Teen Age Angst

When I was much, much younger and fancied myself as a quirky intellect deep in the blush of my first blossom into a quirky artist intellectual adulthood. I would have adored this photo and placed it upon my bedroom wall next to this portrait of  Mastroianni and above a picture of a young Sophia Loren, looking simple yet glamorous in a pair of capri pants and perhaps below a picture of Lou Reed. In rather close proximity to a picture of Ziggy Stardust… most of which were ripped from the pages of Vanity Fair magazine. You get the picture?

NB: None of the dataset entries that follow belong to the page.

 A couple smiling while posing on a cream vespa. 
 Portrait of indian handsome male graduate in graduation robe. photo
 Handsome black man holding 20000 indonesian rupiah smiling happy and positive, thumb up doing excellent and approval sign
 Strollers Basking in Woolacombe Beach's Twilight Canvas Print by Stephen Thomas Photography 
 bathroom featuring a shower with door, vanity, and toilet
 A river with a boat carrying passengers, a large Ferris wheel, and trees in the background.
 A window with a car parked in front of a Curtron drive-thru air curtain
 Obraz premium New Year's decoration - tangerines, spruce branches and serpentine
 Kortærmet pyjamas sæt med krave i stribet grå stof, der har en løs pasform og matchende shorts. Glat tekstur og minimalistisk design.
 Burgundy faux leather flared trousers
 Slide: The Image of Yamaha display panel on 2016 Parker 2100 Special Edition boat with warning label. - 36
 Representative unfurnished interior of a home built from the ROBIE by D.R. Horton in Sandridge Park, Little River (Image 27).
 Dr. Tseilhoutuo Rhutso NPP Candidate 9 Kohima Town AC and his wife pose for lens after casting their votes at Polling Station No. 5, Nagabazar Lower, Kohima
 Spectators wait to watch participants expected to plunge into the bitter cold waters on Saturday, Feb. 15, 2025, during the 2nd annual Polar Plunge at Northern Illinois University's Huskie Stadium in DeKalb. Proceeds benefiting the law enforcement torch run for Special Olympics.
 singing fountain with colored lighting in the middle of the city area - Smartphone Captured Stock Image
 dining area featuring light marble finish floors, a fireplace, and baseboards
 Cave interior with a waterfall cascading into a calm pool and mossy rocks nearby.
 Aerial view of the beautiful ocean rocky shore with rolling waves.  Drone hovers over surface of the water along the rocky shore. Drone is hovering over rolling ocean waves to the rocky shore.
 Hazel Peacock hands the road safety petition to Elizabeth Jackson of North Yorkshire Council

All my youthful pretentious glory; a high school girl with her wall covered in posters of European Actors, book covers of French existentialists, and random objects, found and loved; like a feather found while walking with a cute boy, a plastic necklace worn to a particular party, prints that I somehow loved. This photo of Jean-Paul Sartre and Simone de Beauvoir somehow escaped the honor of my high school bedroom walls.

There are times when I reflect on the younger me and wonder where I steered so off course from the me I seemed to have been. I no longer really look at Vanity Fair. I find the French existentialists to be more amusing than provocative. Sophia Loren is still considered beautiful, but somehow it seems that it was at some cost and the beauty is ever so slightly tarnished in my eyes now. The musicians still intrigue, but they grew older as I did, and my youthful impressions of them are tempered now as well.

And after all this, I am left to wonder why I never placed pictures of Scott Baio or John Stamos or other cut outs and “free posters” from magazines like Tiger Beat?